Task :: For this exercise, return exactly the lines of the material below that begin at the one with "268 Navaho Dr, Paducah, KY 42001" and stop after the one with "Air Jordan 6".

START Records for this task

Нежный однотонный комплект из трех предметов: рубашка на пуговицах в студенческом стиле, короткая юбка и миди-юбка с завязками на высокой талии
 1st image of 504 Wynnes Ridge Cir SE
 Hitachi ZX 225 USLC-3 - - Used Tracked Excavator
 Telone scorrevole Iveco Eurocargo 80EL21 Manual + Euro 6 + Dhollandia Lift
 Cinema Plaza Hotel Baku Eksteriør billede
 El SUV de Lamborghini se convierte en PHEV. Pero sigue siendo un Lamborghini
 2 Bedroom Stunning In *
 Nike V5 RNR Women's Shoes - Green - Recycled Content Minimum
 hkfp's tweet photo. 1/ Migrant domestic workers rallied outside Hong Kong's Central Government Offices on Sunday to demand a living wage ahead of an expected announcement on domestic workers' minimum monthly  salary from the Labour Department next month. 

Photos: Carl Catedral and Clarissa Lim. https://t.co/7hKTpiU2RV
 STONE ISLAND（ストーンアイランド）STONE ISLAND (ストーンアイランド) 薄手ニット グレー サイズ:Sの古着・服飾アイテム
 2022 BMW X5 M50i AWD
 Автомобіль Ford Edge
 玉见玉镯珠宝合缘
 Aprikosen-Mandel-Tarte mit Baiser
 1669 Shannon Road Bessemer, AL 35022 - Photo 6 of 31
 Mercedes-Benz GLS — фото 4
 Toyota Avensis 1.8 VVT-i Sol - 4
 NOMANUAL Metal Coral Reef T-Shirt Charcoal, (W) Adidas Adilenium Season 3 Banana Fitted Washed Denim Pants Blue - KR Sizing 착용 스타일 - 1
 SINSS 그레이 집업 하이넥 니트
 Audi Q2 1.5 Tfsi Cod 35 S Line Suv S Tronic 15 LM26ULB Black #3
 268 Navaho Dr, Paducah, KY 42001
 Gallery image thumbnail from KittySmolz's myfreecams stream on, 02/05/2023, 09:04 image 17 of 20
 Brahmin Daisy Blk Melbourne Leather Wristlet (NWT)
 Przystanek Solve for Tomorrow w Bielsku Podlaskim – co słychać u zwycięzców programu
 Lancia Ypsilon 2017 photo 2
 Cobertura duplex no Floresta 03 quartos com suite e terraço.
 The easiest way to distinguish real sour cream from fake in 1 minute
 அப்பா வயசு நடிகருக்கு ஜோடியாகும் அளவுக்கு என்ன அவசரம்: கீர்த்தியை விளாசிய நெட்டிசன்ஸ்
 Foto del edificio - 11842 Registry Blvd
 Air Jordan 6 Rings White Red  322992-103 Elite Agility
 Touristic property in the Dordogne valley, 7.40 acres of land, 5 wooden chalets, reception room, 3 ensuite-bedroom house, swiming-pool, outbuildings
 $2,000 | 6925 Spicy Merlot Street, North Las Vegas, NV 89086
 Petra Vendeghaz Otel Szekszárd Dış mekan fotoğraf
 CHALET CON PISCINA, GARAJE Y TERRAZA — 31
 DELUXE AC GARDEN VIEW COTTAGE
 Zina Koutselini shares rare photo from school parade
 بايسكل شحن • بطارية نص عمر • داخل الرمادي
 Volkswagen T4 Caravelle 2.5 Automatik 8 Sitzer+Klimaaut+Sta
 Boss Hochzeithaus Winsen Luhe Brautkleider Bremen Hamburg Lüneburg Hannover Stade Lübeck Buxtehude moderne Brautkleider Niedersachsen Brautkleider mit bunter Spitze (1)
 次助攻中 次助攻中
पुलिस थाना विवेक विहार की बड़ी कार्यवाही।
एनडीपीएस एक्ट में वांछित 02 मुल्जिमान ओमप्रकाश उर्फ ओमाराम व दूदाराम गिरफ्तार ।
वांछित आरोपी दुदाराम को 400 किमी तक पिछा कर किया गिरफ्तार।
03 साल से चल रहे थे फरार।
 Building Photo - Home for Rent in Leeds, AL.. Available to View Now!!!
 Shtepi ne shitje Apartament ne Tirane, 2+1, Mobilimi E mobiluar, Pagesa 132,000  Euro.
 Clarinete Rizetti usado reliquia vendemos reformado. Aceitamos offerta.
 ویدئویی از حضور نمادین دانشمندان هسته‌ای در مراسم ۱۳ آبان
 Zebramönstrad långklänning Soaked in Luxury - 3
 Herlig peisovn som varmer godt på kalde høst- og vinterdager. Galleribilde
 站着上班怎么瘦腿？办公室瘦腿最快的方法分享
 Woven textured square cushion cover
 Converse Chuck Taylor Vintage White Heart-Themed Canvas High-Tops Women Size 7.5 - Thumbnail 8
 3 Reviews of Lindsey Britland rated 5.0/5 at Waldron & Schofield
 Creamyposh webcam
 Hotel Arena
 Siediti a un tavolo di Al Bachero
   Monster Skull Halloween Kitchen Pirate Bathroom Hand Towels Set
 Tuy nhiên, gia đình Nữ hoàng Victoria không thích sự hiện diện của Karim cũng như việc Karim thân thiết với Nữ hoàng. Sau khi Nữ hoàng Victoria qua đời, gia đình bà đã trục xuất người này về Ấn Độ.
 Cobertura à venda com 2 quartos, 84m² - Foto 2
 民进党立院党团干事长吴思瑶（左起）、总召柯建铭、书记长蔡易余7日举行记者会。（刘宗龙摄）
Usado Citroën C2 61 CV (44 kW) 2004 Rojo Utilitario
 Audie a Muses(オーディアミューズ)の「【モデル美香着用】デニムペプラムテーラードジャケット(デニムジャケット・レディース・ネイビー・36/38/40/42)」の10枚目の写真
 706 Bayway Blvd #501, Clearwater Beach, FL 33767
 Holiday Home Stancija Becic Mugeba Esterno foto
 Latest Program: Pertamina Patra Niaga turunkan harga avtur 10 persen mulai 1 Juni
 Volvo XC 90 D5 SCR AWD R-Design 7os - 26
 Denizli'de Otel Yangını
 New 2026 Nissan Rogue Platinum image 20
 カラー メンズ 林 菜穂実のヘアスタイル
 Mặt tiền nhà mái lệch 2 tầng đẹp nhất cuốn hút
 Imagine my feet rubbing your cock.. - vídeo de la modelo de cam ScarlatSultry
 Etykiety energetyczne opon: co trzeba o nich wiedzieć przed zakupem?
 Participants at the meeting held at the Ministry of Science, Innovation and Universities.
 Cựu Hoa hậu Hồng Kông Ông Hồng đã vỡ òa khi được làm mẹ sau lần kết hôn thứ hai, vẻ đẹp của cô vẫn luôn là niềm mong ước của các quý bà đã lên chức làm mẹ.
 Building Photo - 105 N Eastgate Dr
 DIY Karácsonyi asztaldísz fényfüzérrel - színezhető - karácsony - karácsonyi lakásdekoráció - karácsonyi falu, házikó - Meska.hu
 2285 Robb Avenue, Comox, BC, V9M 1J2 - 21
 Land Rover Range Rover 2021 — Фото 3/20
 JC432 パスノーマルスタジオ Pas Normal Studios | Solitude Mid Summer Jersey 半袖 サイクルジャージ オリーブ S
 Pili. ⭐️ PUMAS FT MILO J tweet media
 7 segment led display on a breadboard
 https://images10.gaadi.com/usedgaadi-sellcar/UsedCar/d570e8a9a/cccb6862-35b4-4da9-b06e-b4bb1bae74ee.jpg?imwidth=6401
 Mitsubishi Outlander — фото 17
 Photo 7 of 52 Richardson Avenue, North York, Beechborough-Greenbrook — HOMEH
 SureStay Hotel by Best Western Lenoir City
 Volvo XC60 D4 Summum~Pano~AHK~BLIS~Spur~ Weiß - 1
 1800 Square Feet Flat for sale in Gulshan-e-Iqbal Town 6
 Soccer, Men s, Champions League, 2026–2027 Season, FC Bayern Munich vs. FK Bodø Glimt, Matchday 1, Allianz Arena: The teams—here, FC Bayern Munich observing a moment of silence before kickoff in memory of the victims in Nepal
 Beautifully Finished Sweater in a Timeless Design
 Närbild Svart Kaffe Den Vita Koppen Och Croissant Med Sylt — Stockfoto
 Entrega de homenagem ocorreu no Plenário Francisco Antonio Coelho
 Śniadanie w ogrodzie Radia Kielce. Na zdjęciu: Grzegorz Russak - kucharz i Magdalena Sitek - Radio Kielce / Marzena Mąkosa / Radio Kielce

END Records for this task

Reply to the exercise ::
 268 Navaho Dr, Paducah, KY 42001
 Gallery image thumbnail from KittySmolz's myfreecams stream on, 02/05/2023, 09:04 image 17 of 20
 Brahmin Daisy Blk Melbourne Leather Wristlet (NWT)
 Przystanek Solve for Tomorrow w Bielsku Podlaskim – co słychać u zwycięzców programu
 Lancia Ypsilon 2017 photo 2
 Cobertura duplex no Floresta 03 quartos com suite e terraço.
 The easiest way to distinguish real sour cream from fake in 1 minute
 அப்பா வயசு நடிகருக்கு ஜோடியாகும் அளவுக்கு என்ன அவசரம்: கீர்த்தியை விளாசிய நெட்டிசன்ஸ்
 Foto del edificio - 11842 Registry Blvd
 Air Jordan 6 Rings White Red  322992-103 Elite Agility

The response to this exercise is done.